I'm a little confused by this report and want to make sure I understand the situation. Konstantin points
out that the TID_STRING should be valid UTF-8. But I think that Amy agreed that the string was valid UTF-8.
My understanding was that Amy's contention was that the valid UTF-8 string didn't get returned as valid JSON.

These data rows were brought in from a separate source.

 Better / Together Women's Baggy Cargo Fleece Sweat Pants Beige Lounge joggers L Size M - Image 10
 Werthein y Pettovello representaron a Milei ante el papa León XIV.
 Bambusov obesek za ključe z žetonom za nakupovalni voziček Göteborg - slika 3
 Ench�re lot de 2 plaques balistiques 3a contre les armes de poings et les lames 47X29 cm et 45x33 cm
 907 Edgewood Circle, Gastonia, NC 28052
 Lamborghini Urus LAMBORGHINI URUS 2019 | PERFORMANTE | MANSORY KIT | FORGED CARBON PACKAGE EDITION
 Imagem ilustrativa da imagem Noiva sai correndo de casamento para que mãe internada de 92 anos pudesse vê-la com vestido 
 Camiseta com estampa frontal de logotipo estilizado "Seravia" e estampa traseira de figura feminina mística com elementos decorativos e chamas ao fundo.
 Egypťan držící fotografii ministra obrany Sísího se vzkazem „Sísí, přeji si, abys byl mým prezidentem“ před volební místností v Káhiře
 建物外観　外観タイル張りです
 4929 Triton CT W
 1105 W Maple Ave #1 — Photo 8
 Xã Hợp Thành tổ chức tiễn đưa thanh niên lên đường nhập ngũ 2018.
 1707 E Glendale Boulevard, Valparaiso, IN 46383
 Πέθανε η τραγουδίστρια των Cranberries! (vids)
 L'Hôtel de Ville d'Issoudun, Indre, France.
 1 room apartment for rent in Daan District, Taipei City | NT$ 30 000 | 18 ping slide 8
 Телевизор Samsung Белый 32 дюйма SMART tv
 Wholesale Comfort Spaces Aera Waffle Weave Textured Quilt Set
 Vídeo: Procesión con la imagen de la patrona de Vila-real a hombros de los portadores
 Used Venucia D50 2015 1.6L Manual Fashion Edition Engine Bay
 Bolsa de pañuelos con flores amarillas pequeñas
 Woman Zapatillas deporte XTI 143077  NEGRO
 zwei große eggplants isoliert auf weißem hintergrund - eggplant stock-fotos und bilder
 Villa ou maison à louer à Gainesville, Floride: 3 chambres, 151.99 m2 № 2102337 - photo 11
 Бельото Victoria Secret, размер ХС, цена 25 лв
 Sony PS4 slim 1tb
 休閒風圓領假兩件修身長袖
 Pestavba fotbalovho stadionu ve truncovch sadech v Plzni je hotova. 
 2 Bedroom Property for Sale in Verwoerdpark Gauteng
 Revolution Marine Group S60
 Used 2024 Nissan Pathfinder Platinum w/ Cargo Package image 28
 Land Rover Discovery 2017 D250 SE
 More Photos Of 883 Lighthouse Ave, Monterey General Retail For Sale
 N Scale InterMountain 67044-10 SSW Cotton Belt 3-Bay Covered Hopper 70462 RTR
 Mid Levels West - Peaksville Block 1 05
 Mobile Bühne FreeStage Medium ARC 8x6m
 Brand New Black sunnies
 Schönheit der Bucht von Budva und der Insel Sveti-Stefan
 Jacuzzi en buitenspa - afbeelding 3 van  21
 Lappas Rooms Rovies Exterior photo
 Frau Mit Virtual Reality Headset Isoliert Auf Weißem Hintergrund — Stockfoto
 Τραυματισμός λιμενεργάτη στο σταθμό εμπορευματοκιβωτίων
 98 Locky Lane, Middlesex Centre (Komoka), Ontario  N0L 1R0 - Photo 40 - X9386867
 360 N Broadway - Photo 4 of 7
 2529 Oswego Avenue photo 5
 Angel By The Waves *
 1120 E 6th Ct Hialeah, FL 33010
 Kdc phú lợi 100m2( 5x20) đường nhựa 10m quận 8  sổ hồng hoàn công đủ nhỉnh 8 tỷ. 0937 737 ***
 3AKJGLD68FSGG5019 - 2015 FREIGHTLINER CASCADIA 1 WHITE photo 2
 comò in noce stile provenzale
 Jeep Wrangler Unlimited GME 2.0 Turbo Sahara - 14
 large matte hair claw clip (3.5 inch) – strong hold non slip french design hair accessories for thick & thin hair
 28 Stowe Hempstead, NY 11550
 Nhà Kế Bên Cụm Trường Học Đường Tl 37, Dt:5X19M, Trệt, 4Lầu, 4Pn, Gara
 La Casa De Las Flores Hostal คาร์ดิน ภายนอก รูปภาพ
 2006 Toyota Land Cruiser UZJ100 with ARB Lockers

But I am having trouble reproducing your behaviour Amy. I created a ODB string variable with a tab control
control character
sprintf(mystring,"first line \t second line");
status = db_set_value(hDB, 0,"/test2/mystring", &mystring, size, 1, TID_STRING);
and what I tried to pull the ODB using jcopy
http://neut18:8081/?cmd=jcopy&odb=/test2/mystring&format=json
I got
{
"mystring/key" : { "type" : 12, "item_size" : 32, "access_mode" : 7, "last_written" : 1477416322 },
"mystring" : "first line \t second line"
}
which seems to be valid JSON.
I only tried this with tab. Are there other control characters that you are having trouble with? Or maybe
I misunderstand the question?
>
> >
> > For JSON.parse to successfully parse a string, (A) the string must be valid
> > UTF-8, (B) several whitespace characters, control characters, and the
> > characters " and \ must be escaped, and (C) you've got to follow the key-
> > value rules laid out in http://www.json.org/.
> >
> > The web browser takes care of (A), and I verified that for this key Midas
> > handled (C) correctly. In principle, the function json_write in odb.c
> > handles (B) - but json_write does not escape control characters.
> >
> > To manage this problem, I modified json_write (in odb.c) to replace any
> > control character with the more-inocuous character, 'C'. My default case
> > now looks like:
> >
> > default:
> > {
> > // if a char is a control character,
> > // print 'C' in its place
> > // note that this loses data:
> > // a more-correct method would be to print
> > // \uXXXX, where XXXX is the character in hex
> > if(iscntrl(*s)){
> > (*buffer)[(*buffer_end)++] = 'C';
> > s++;
> > } else {
> > (*buffer)[(*buffer_end)++] = *s++;
> > }
> > }
> >
> > Where the call to iscntrl(*s) requires the addition of the ctype.h header
> > file.
> >
> > I'm guessing a blanket replacement of control characters with 'C' isn't
> > something all Midas users would want to do. Replacing the control character
> > with its hex value seems like a good choice - but not without adding bounds
> > checking!
> >
> > An alternative to changing odb.c could be to add a regex to Midas response
> > text which removes all control characters (U+0000 - U+001F):
> >
> > var resp_lint = req.response.replace(/[\u{0000}-\u{001F}]/gmu, '');
> > var json_obj = JSON.parse(resp_lint);
> >
> > Unfortunately, the 'u' regex flax doesn't work on the Firefox version
> > included in Scientific Linux 6.8. |
01 Dec 2016, Thomas Lindner, Bug Report, control characters not sanitized by json_write - can cause JSON.parse of mhttpd result to fail
|
> > I've recently run into issues when using JSON.parse on ODB keys containing
> > 8-bit data.
>
> I am tempted to take a hard line and say that in general MIDAS TID_STRING data should be valid
> UTF-8 encoded Unicode. In the modern mixed javascript/json/whatever environment I think
> it is impractical to handle or permit invalid UTF-8 strings.
>
> Certainly in the general case, replacing all control characters with something else or escaping them or
> otherwise changing the value if TID_STRING data would wreck *valid* UTF-8 strings, which I would
> assume to be the normal use.
>
> In other words, non-UTF-8 strings are following non-IEEE-754 floating point values into oblivion - as
> we do not check the TID_FLOAT and TID_DOUBLE is valid IEEE-754 values, we should not check
> that TID_STRING is valid UTF-8.
I agree that I think we should start requiring strings to be UTF-8 encoded unicode.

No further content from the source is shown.